The reasoning behind all of this is mainly because it really is an eye sore to look at (even after my weekly change, in a matter of a day or two I have a nice pile sitting in these two spots) and because I figure it will help with overall water quality anyway.


----------



## Deeda (Oct 12, 2012)

How much water are you siphoning out when you do the daily siphon?

You could always add a bit of water conditioner to the bucket when you do the refill, especially if your water supplier uses chloramines as a disinfectant. Since you are adding water with a bucket, dose for the amount of water and not the full tank size.

Prime should not be harmful to the fish unless grossly over dosed.


----------



## morrismorris (Mar 21, 2017)

It is probably only a few gallons. If I am using a bucket to return the tap water to the tank, how long should the prime sit in that bucket before pouring into the tank?


----------



## Deeda (Oct 12, 2012)

morrismorris said:


> It is probably only a few gallons. If I am using a bucket to return the tap water to the tank, how long should the prime sit in that bucket before pouring into the tank?

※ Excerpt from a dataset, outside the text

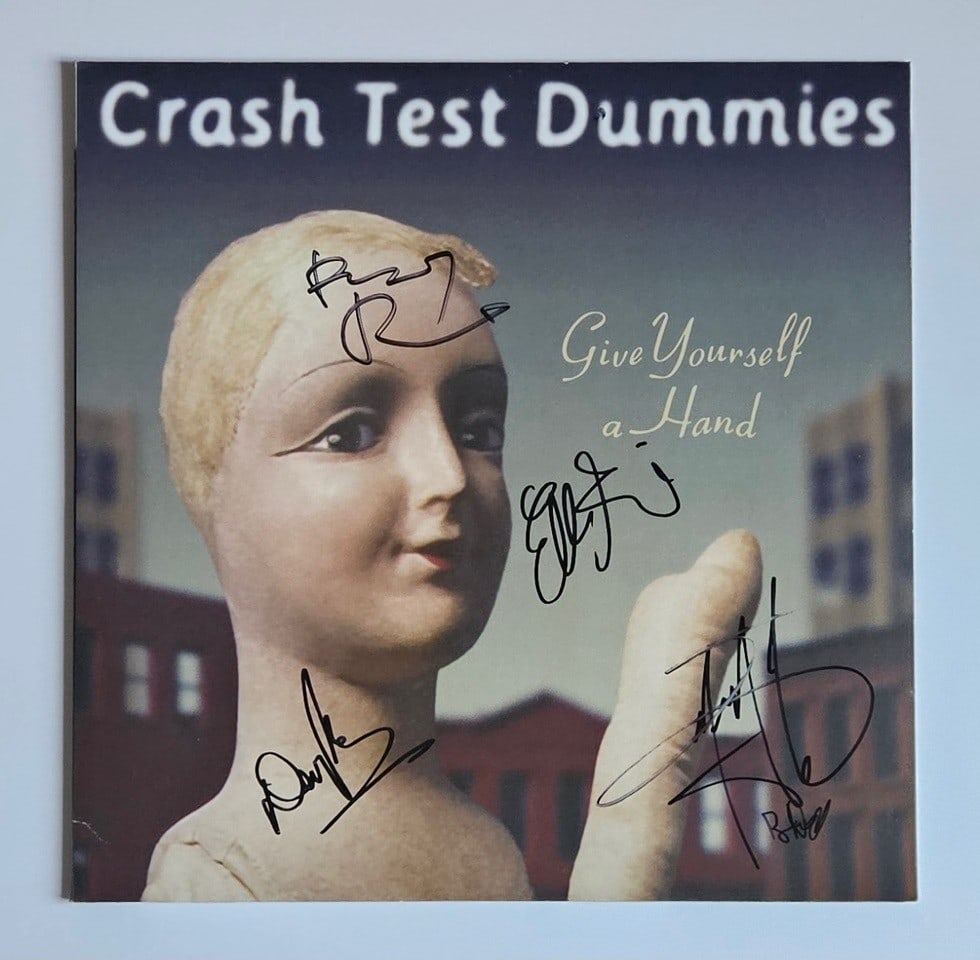 Crash Test Dummies Original Lineup Fully Signed "Give Yourself a Hand" Album (5 Sigs) (Third Party): "Give Yourself a Hand" album signed on the cover in black felt tip marker by Crash Test Dummies original lineup band members Brad Roberts, Ellen Reid, Dan Roberts, Mitch Dorge, and Benjamin Darvill.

Once you add the Prime to the new water in the bucket, you can add directly to the aquarium. You will probably only need a tiny bit of Prime, just follow the bottle instructions for dosing.


----------



## Aaron S (Apr 4, 2015)

I agree with the other comments. If you are only taking out a small amount (like 2% or less) then I wouldn't worry about dosing it with prime, otherwise I would add the prime to the bucket as Deeda suggests. Doing the daily siphon of the poo piles will probably dramatically help the rate of nitrate formation in the tank relative to the rest of our tanks because all of our poo is sitting on/in the filter for a lot longer which provides a chance for it to break down. I would just remember that, from a nitrate removal perspective, if you take 5% every day out of the tank for a week it is not as effective as removing 35% once a week. Since you mentioned you are also doing weekly water changes - that is not important but I thought it should be repeated.


----------



## morrismorris (Mar 21, 2017)

Sounds good. Thank you all for the responses!


----------